Bild: Wuhan Ende Januar – seit ein paar Tagen ist die Elf-Millionen-Einwohner…
Peking/Cotonou taz | Unter jungen Chinesen gehen derzeit Videoaufnahmen
viral, auf denen Reinigungskräfte mit Atemschutzmasken wahllos durch die
Zimmer eines Studentenwohnheims in Wuhan gehen und die Schränke leerräumen.
Auch kursieren Fotos, auf denen Tonnen an geschredderten Büchern,
Elektronikgeräten und Kleidungsstücken im Innenhof zu sehen sind.

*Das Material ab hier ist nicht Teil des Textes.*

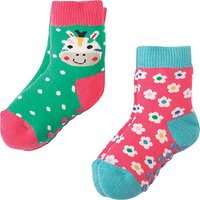 Frugi Organic Baby Grippy Zebra Socks, Pack Of 2, Pink/Multi
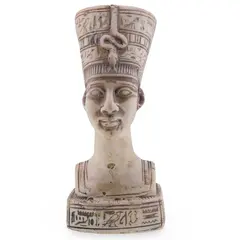 Bust Nefertiti vintage, model bej cu inscriptii egiptene, 17cm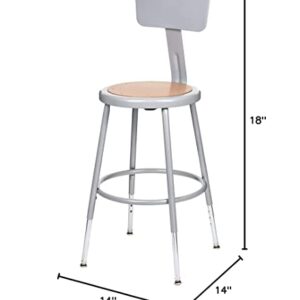 OEF Furnishings (2 Pack) Height Adjustable Grey Shop Stool with Backrest, 18-27" High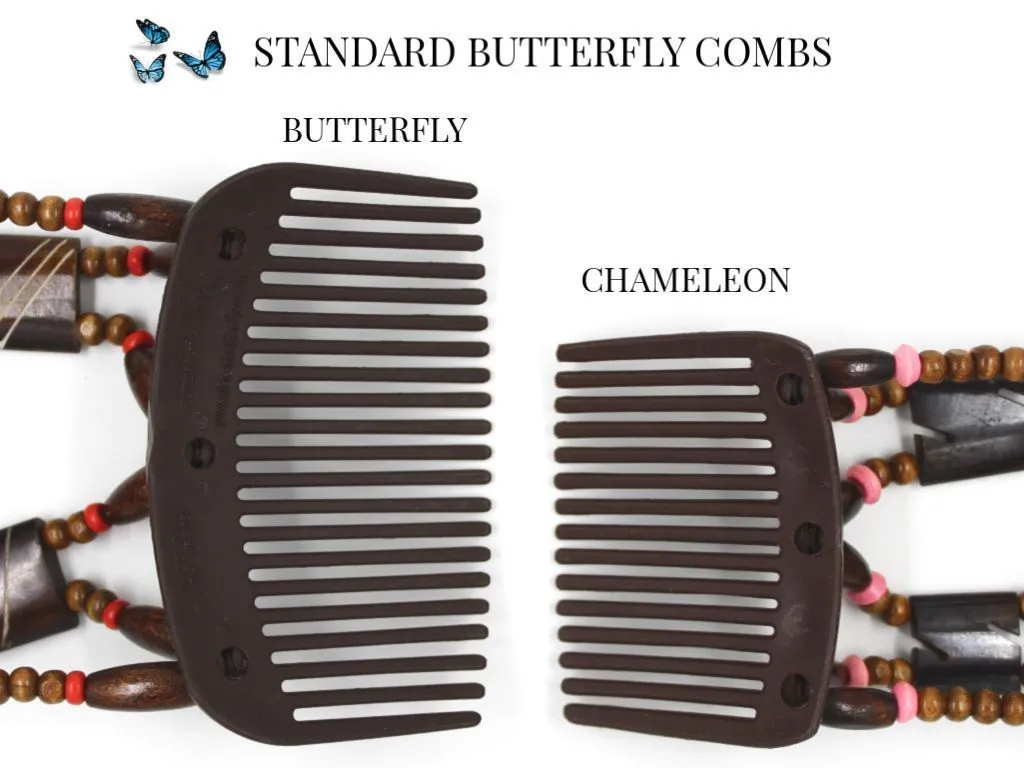 African Butterfly Hair Comb - Gemstone Black 37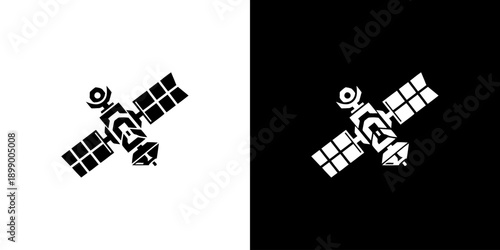 Black and white satellite icons on isolated backgrounds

Tatsächlich wurden im Epizentrum des Coronavirus die Anlagen von jeweils
zwei Universitäten und Berufsschulen vorübergehend zu medizinischen
Einrichtungen umfunktioniert, um Patienten mit leichten Symptomen zu
behandeln.
Viele Studierende der betroffenen Unis sind erbost, sie wurden vorab nicht
über die Säuberungsaktion informiert. Die Schulleitungen sahen sich
schließlich gezwungen, eine offizielle Entschuldigung zu posten.

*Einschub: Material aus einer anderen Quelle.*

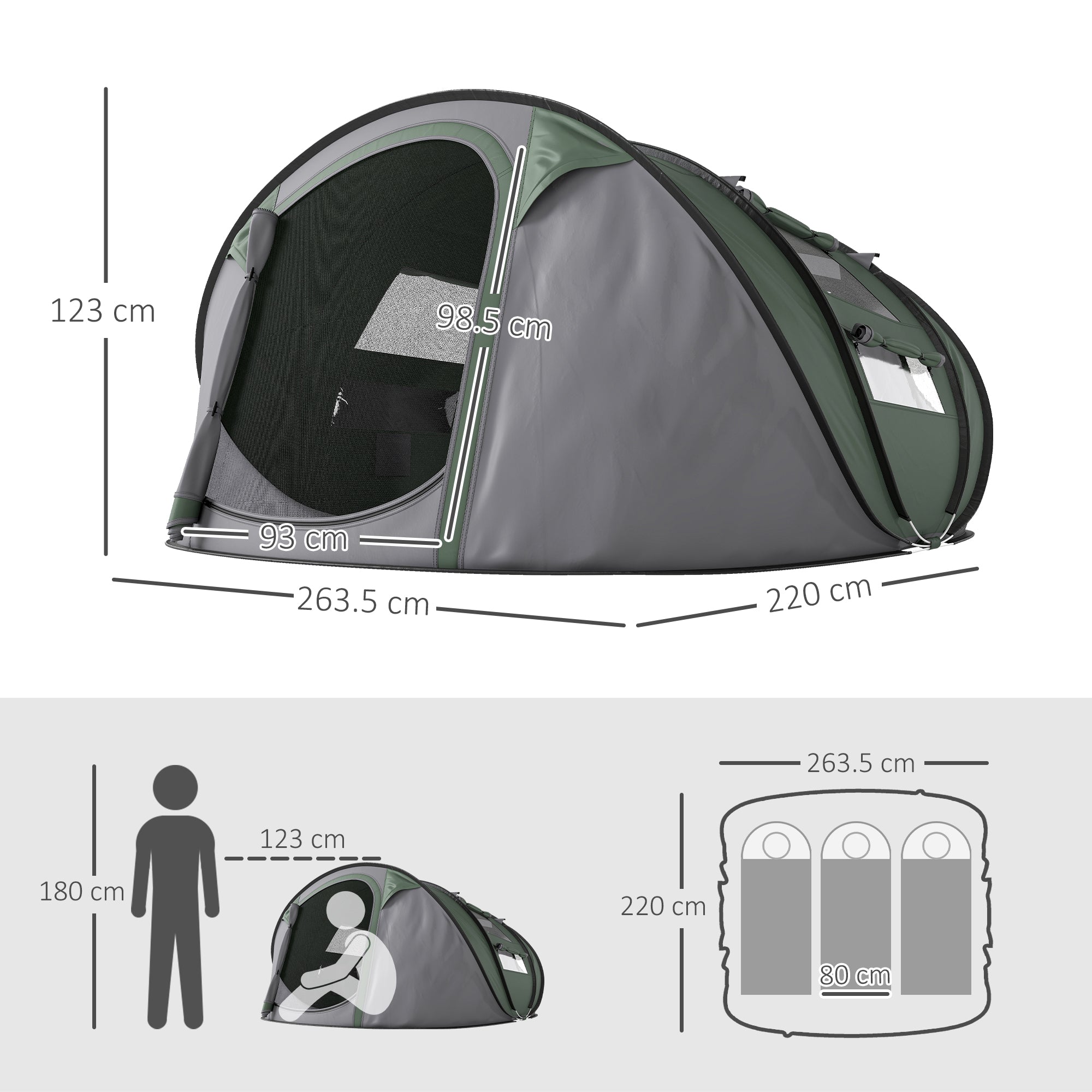 Outsunny 4 Person Pop-up Camping Tent Family Tent with Ground Sheet, 4 Windows and Portable Carry Bag for Beach Outdoor Trip, Dark Green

Bis Donnerstagfrüh mitteleuropäischer Zeit stieg die offizielle Gesamtzahl
der Todesopfer in Festlandchina auf mindestens 1.355. Der
Gesundheitsausschuss der Provinzregierung teilte ferner mit, dass in Hubei
bei 14.840 weiteren Menschen eine Ansteckung mit dem Erreger bestätigt
worden sei. Die offizielle Gesamtzahl der Krankheitsfälle in Festlandchina
stieg damit auf fast 60.000.
## Universitäten und Schulen geschlossen
Als Erstes haben die Pekinger Universitäten den Beginn des Sommersemesters
auf unbestimmte Zeit hinausgeschoben. Mittlerweile sind die Hochschulen im
ganzen Land geschlossen, ebenso die Schulen. Mittlerweile findet aber
wieder Unterricht statt: online über Videoschalten.
In Wuhan, der [1][abgeriegelten 11-Millionen-Einwohner-Metropole], sitzen
auch Zehntausende Studierende fest. Allein an der Wuhan-Universität sind
52.000 immatrikuliert, davon 2.000 aus dem Ausland. Wie die meisten
Bildungsinstitutionen hat sie zwar die Anzahl der Infizierten erhoben,
jedoch nicht veröffentlicht. Ein Angestellter des Lehrstuhls sagt jedoch
unter vorgehaltener Hand, dass diese „nicht sehr hoch“ sei.
Verwunderlich ist das nicht: [2][Besonders gefährdet] durch die
Lungenerreger gelten vor allem ältere Personen, deren Körper keine starke
Immunabwehr herausbilden können.
An etwa 400 der rund 2.631 staatlichen und staatlich anerkannten
Universitäten in China werden ausländische Studierende zugelassen. Deren
Zahl belief sich im Jahr 2018 auf fast 492.000, darunter 73.000 aus Europa
und 81.000 aus Afrika. Seit Ausbruch des Coranvirus berichten ausländische
Studenten, dass sie de facto ihren Universitätscampus nicht verlassen
dürfen (siehe Protokolle weiter unten).
## Deutsche Unis ziehen Konsequenzen
Universitäten im Ausland zeigen sich zunehmend besorgt. Allein Deutschland
unterhält nach Angaben des [3][Deutschen Akademischen Austauschdienstes]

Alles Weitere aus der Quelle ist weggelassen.